━━━ INPUT RECORDS

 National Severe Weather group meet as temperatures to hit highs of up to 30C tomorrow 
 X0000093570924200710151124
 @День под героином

━━━━━━
━━━ INPUT RECORDS

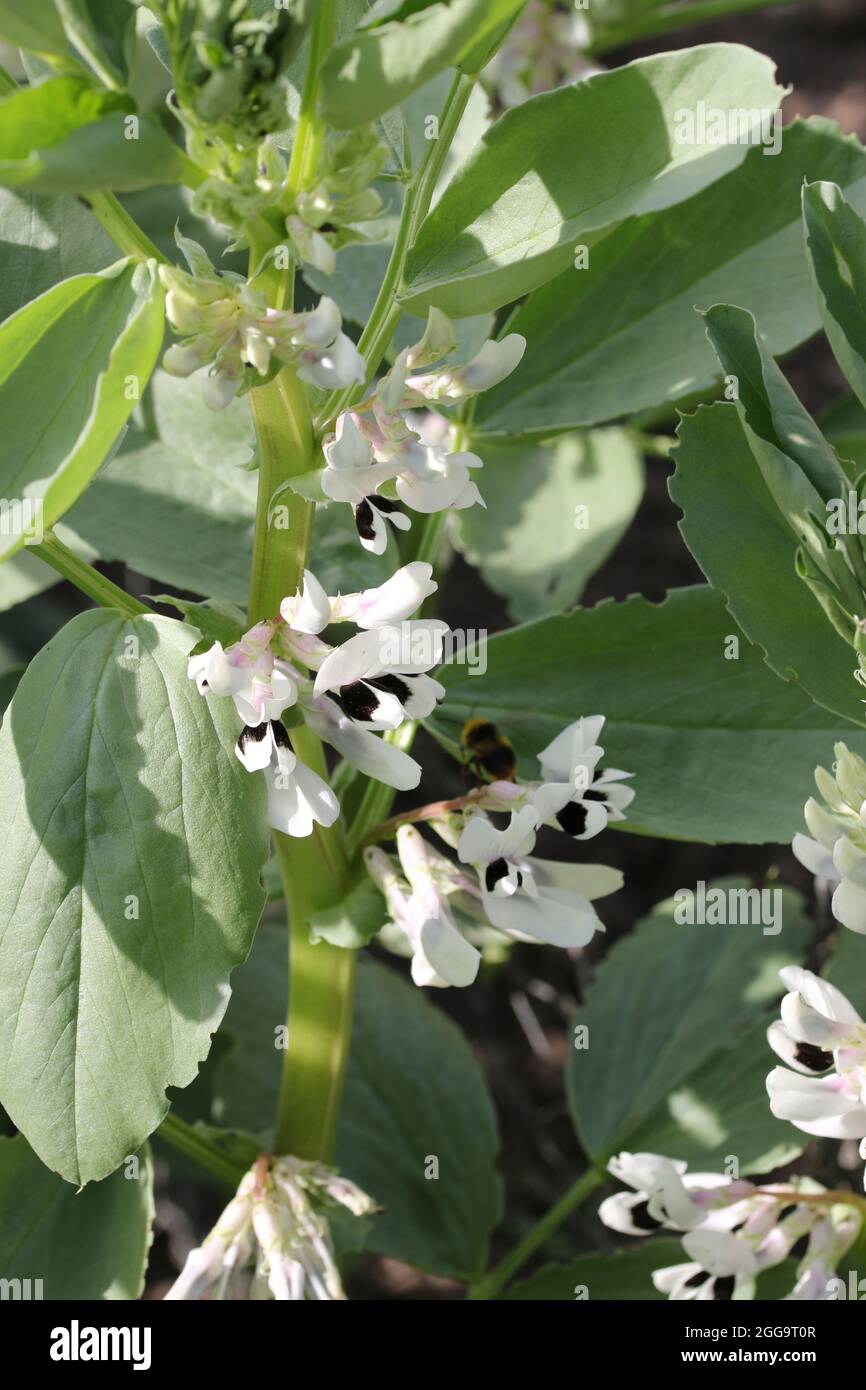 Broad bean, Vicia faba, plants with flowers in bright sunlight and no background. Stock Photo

━━━━━━
━━━ INPUT RECORDS

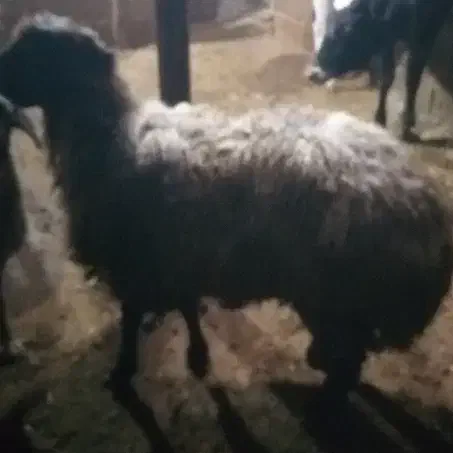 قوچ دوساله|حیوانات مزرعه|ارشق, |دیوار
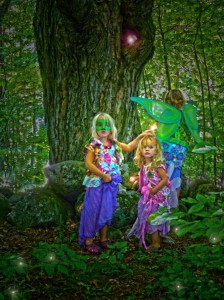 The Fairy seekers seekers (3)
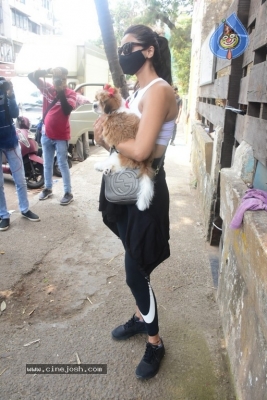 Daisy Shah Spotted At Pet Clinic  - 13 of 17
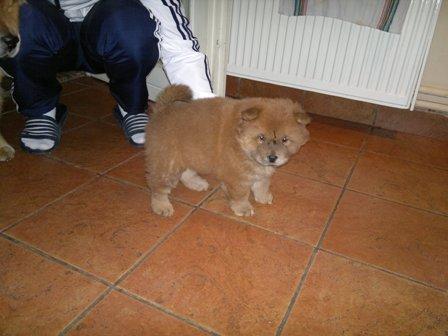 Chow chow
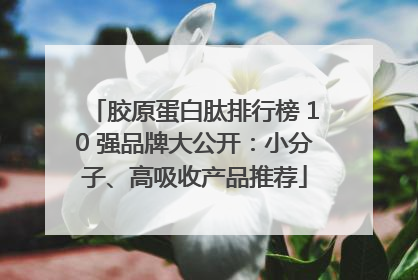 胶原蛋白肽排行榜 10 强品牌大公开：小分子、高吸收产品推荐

━━━━━━

Above is the material; set down exactly its lines from the one containing "The Fairy seekers seekers (3)" down to the one containing "胶原蛋白肽排行榜 10 强品牌大公开：小分子、高吸收产品推荐", both included, leaving out any pictures.

◆ **SOLVED PROBLEM**
 The Fairy seekers seekers (3)
 Daisy Shah Spotted At Pet Clinic  - 13 of 17
 Chow chow
 胶原蛋白肽排行榜 10 强品牌大公开：小分子、高吸收产品推荐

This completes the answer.